Brill's New Pauly mentions tesserae (as well as talus) - see http://www.perseus.tufts.edu/hopper/morph?l=tesserae&la=la#lexicon "a die for playing, numbered on all the six sides"
Examples:
Suetonius quotes a letter written by Augustus that says
"Inter cenam lusimus geronticos et heri et hodie; talis enim iactatis, ut quisque canem aut senionem miserat, in singulos talos singulos denarios in medium conferebat, quos tollebat universos, qui Venerem iecerat."
"We gambled like old men during the meal both yesterday and to-day; for when the dice were thrown; whoever turned up the ‘dog’ or the six, put a denarius in the pool for each one of the dice, and the whole was taken by anyone who threw the 'Venus'" (transl. by ?).
Martial writes the following:
non mea magnanimo depugnat tessera talo,
senio nec nostrum cum cane quassat ebur:
haec mihi charta nuces, haec est mihi charta fritillus:
alea nec damnum nec facit ista lucrum.
("My dice do not contend with highhearted knucklebones, nor do sice and ace shake my ivory. This paper is my nuts, this paper my dice box; such gambling brings neither loss nor gain." - translated by D.R. Shackleton Bailey)
or
"Hac mihi bis seno numeratur tessera puncto"

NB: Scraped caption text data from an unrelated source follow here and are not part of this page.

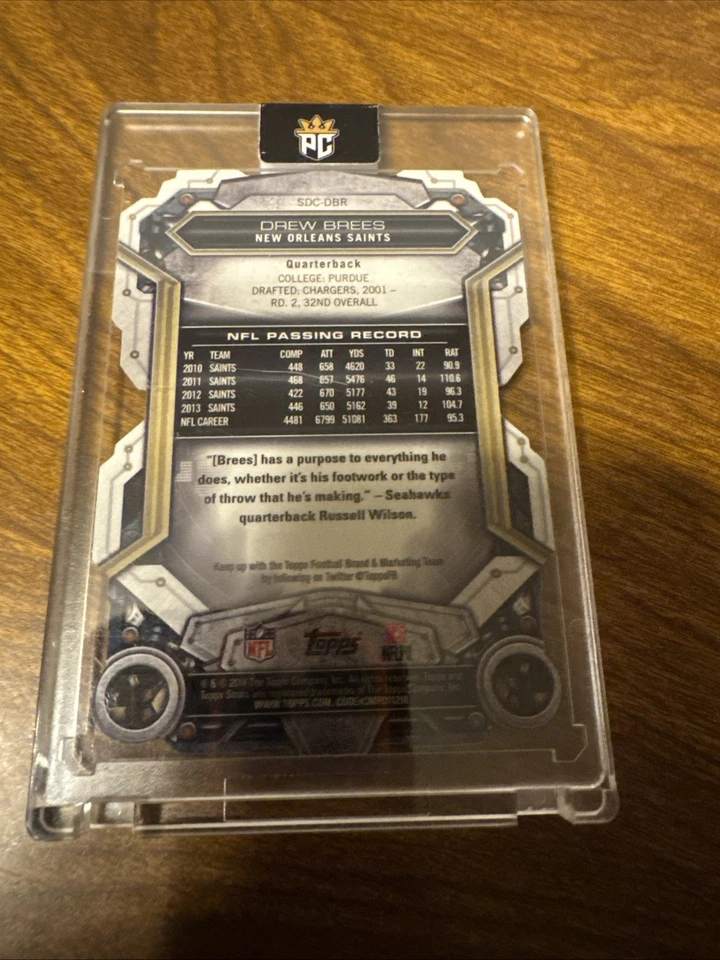 2014 Topps Strata - Die-Cuts Drew Brees #SDC-DBR - Image 2 of 2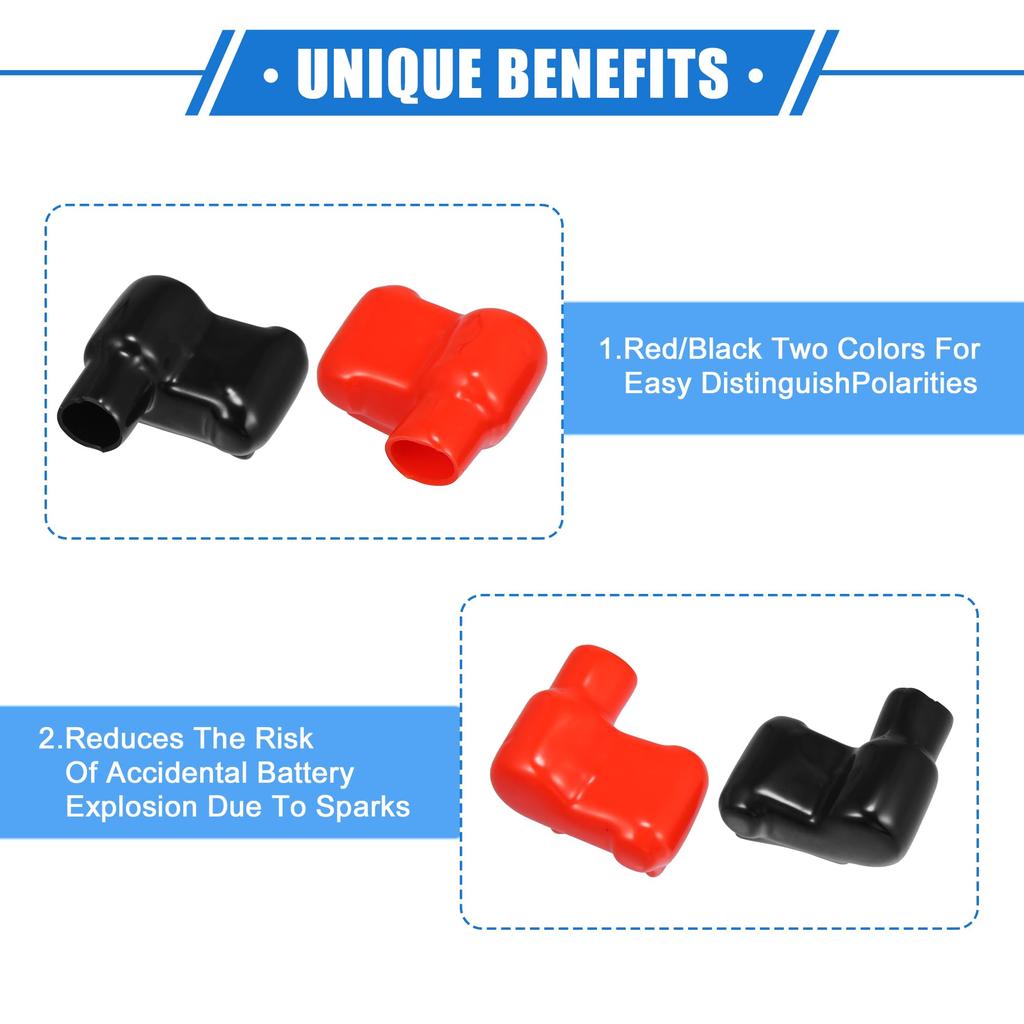 A ABSOPRO Battery Terminal Insulation Cover Battery Terminal Terminal Cover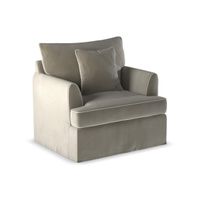 Byron Hamptons Armchair Natural W/White Piping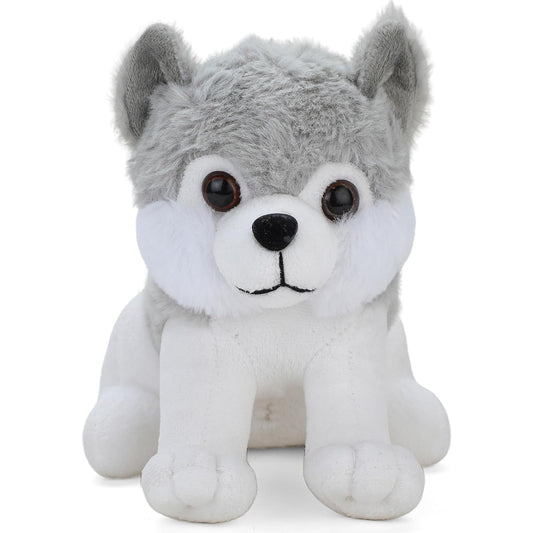 Plush Husky Soft Toys for Kids Small, 20 CM (Gray)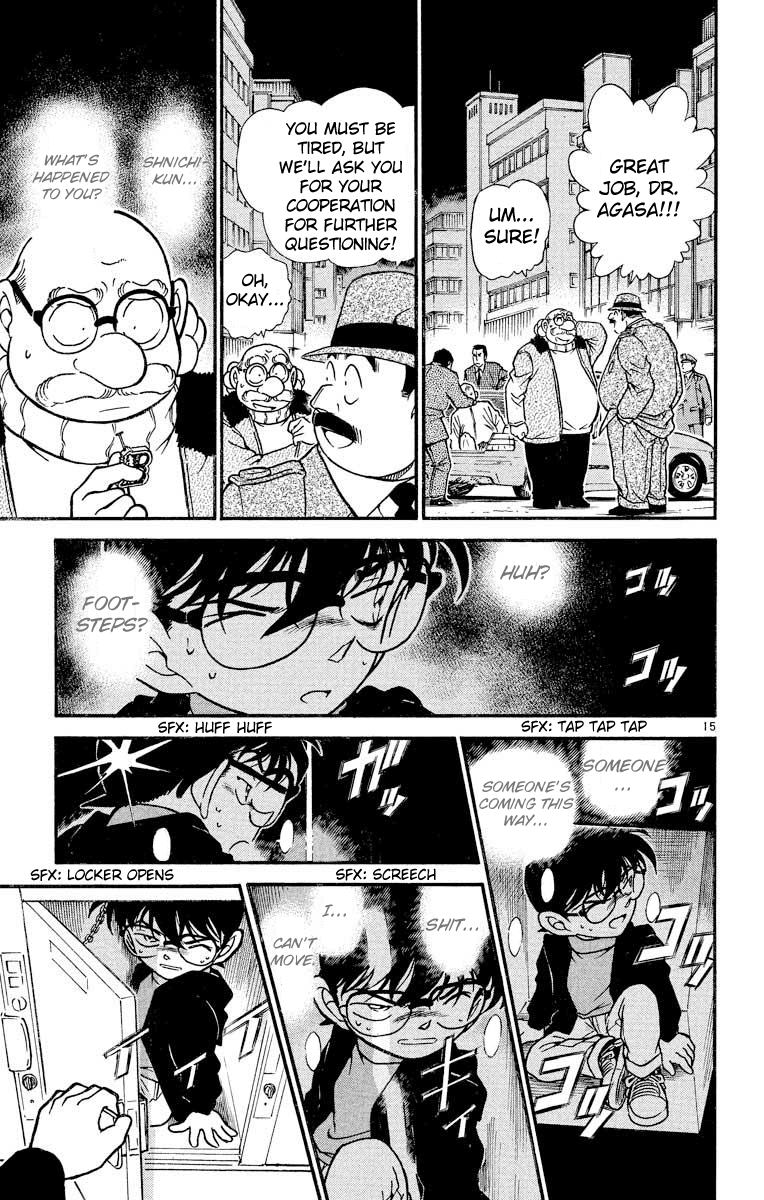 Detective Conan Chapter 383 page 16 - Chapter 383: The New Weapon!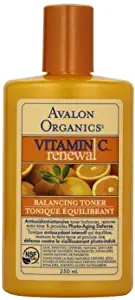 Avalon Organics Vitamin C Renewal Balancing Toner, 8.5 Ounce Bottles (Pack of 2)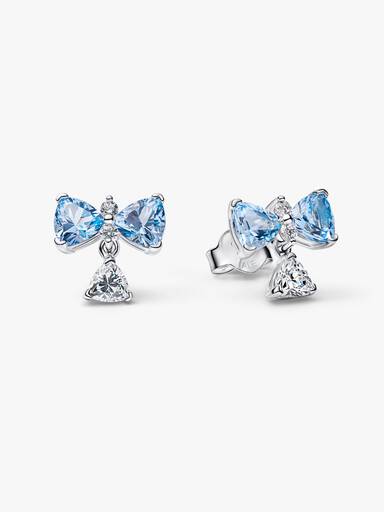 Bridgerton, Orecchini Fiocco Azzurro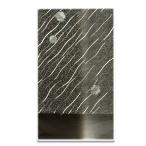 紬新品正絹粋なタタキ染め上品な金彩...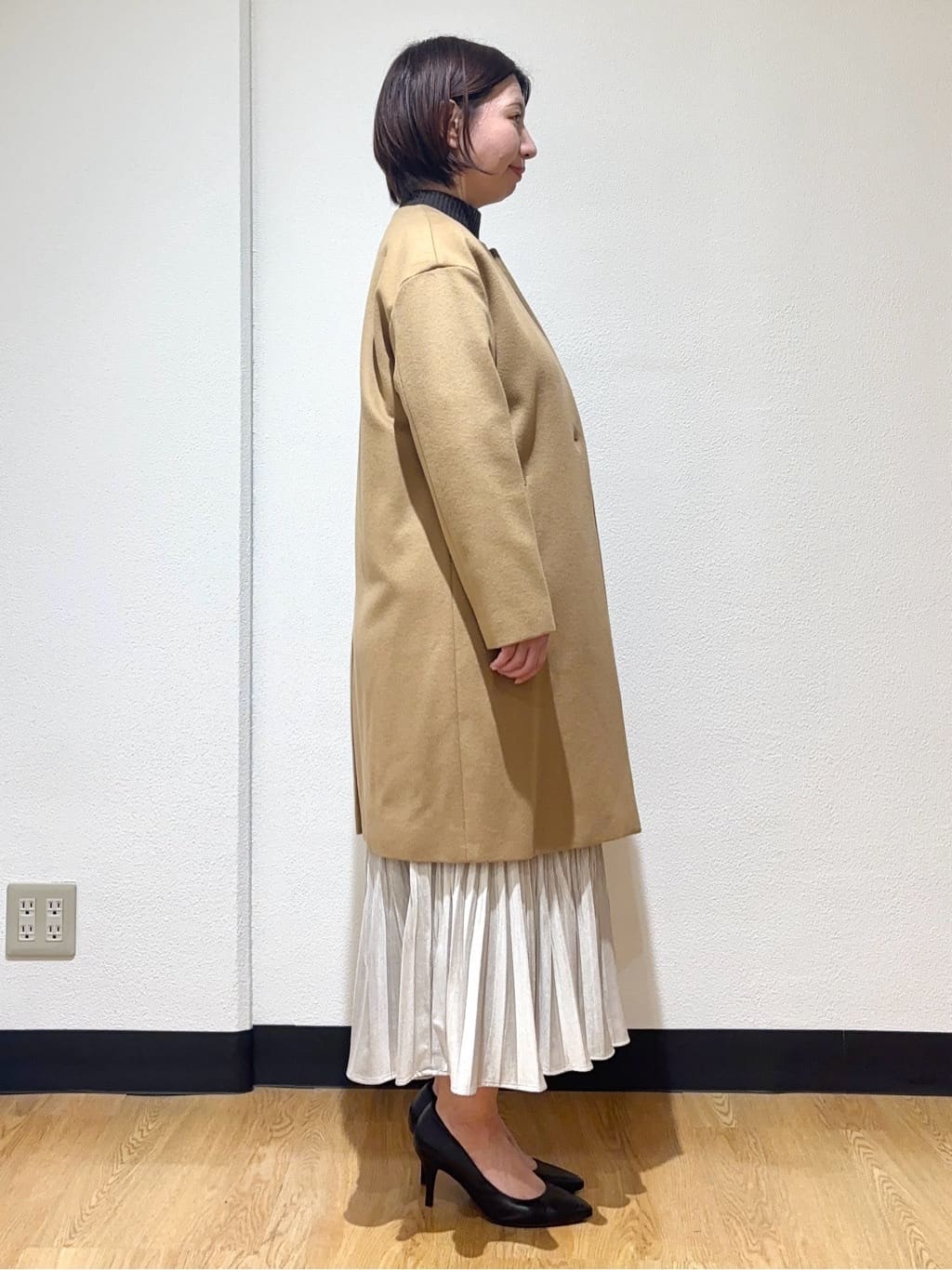 MIKIKOさんの「UNTITLED｜【8色展開/洗える】ウールカシミヤ ハイネックニット」を使ったコーディネート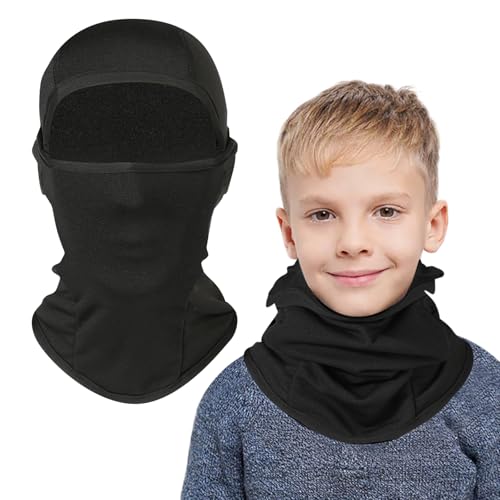 AYPOW Kinder Sturmhaube Winter 2-8, Multifunktional Winddicht Fleece Warm Skimaske Radfahren Gesichtsmaske unter dem Helm, Sturmmaske Mütze mit Halswärmer für Jungen Mädchen, Winter Outdoor Sport von AYPOW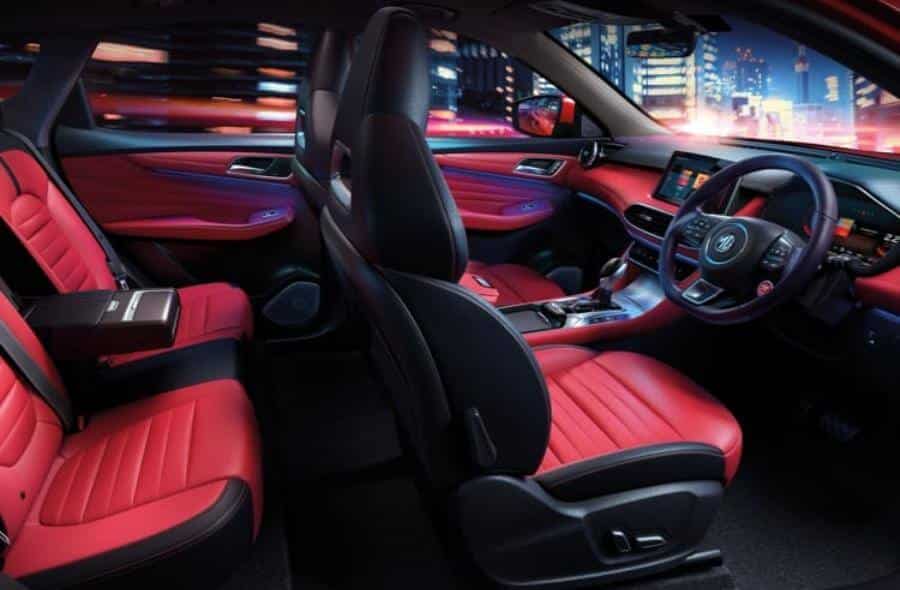 Interior MG HS - Sporty and Comfy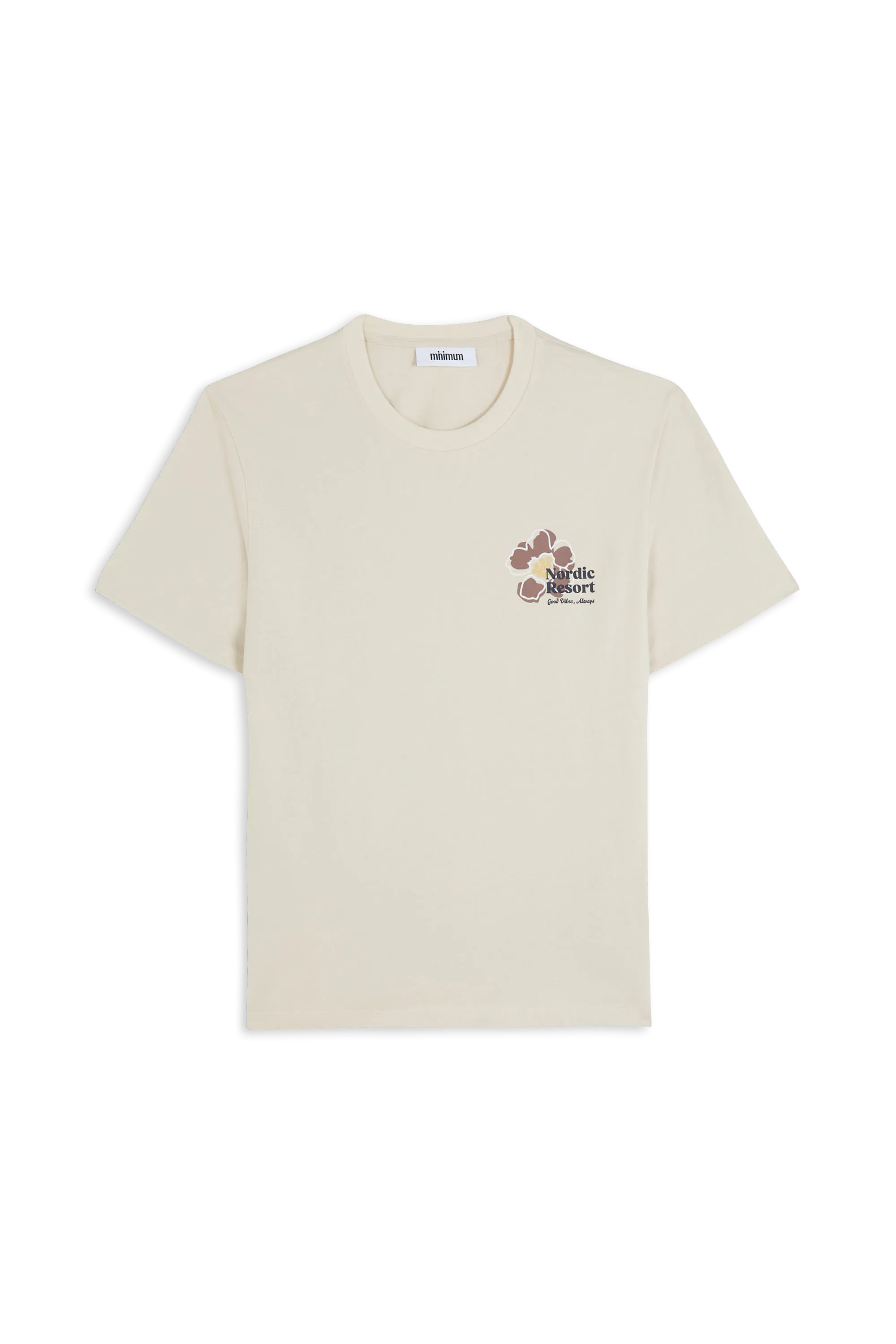 T-shirt Beige Minimum - Homme | Citadium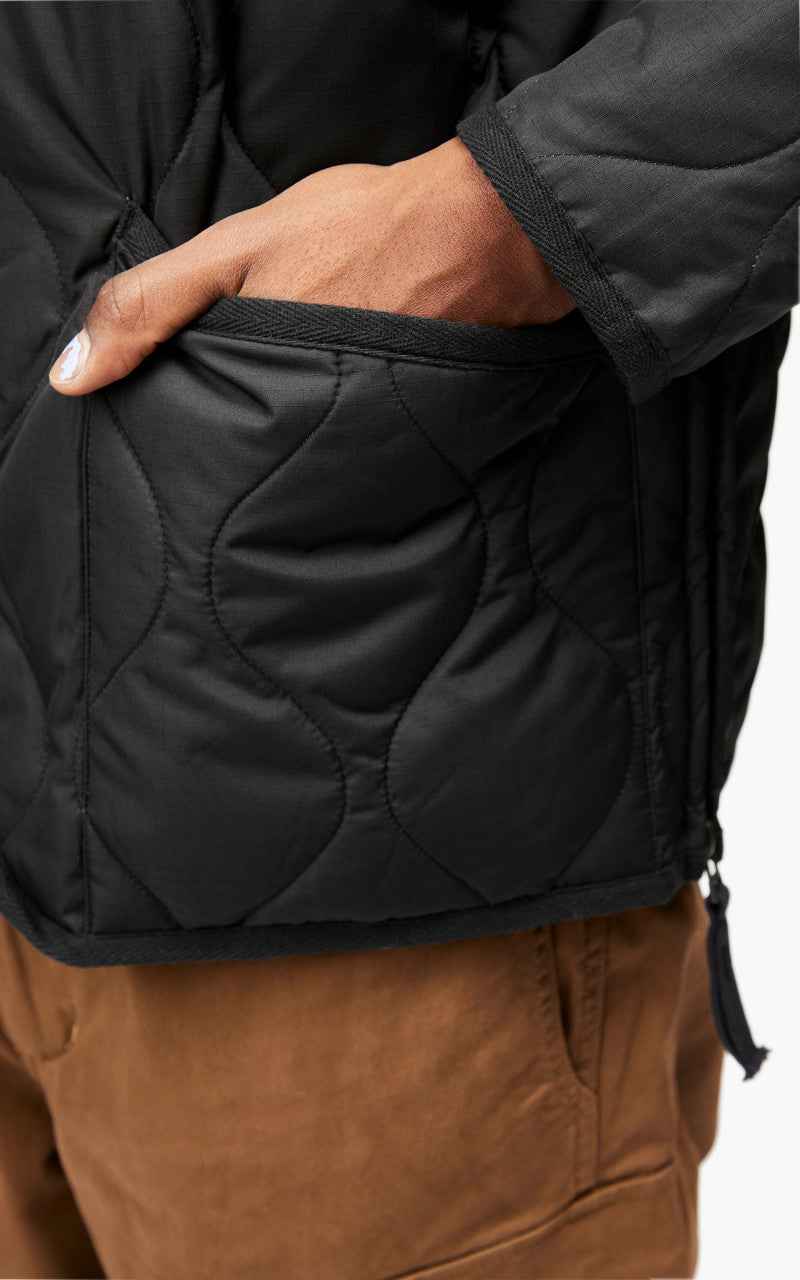 Taion Military Zip V-Neck Jacket Black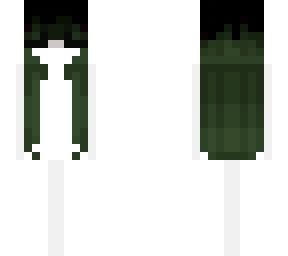 green hair girl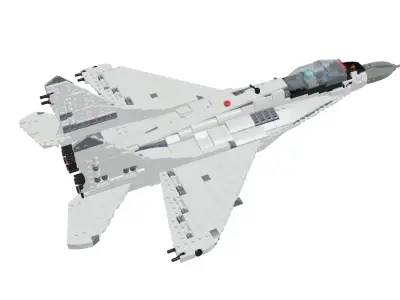 MocBricks3D - Lego MIG-29 Fulcrum Jet Fighter Aircraft 3D print model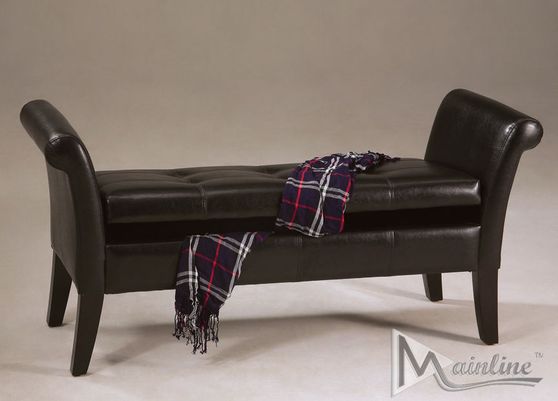 Classic love bench / storage ottoman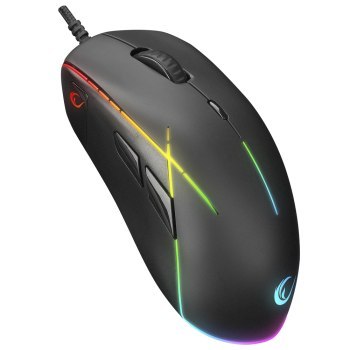 Rampage Mysz GEAR-X 6400DPI RGB Macro 9 przycisków Rampage Mysz GEAR-X 6400DPI RGB Macro 9 przycisków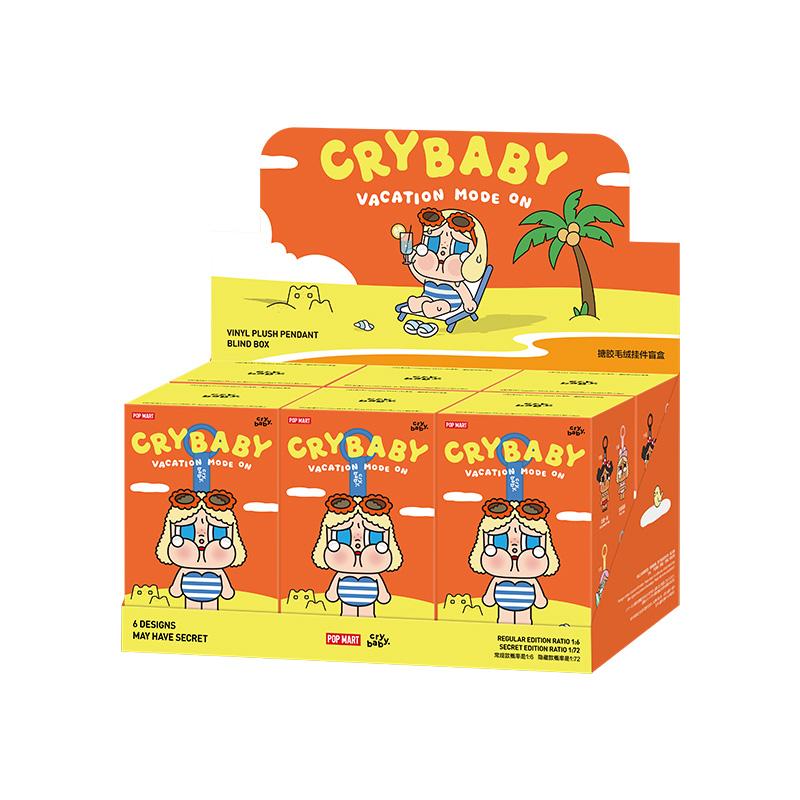 POP MART CRYBABY Vacation Mode On Series-Vinyl Plush Pendant Blind Box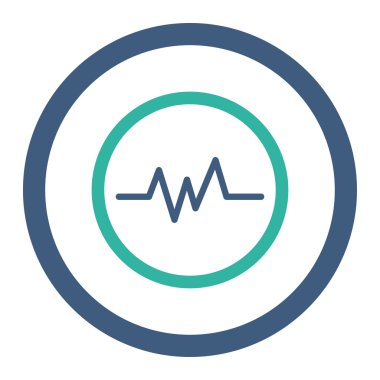 Nabız yuvarlak Raster simgesi izleme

Also, I've been able to find at least one example of the plural for alea (in the Loeb Classical Library):
"aut pugnaciter aleis certant, turpi sono fragosis naribus introrsum reducto spiritu concrepantes" (Ammianus Marcellinus)
"or they quarrel with one another in their games at dice, making a disgusting sound by drawing back the breath into their resounding nostrils"(translated by J.C. Rolfe)
For further details, see "Literate games: Roman society and the game of alea" by Nicholas Purcell (Purcell 1995).
We should also consult the TLL. The entry you need is https://www.degruyter.com/view/TLL/1-0-07/1_0_07_alea_v2007.xml (no access from home)
Incidentally, this is what Klaus Bartels writes in Brill's New Pauly (in the entry "dicta"):
"Caesar's “Alea iacta est(o)”, regularly misconstrued as "the die is cast", is more correctly translated as: "the die is (or is to be) thrown". This phrase, a verse of Menander's that was already proverbial, does not refer to the decision made by the fall of the die, but the decision for the boldness of casting it in the first place."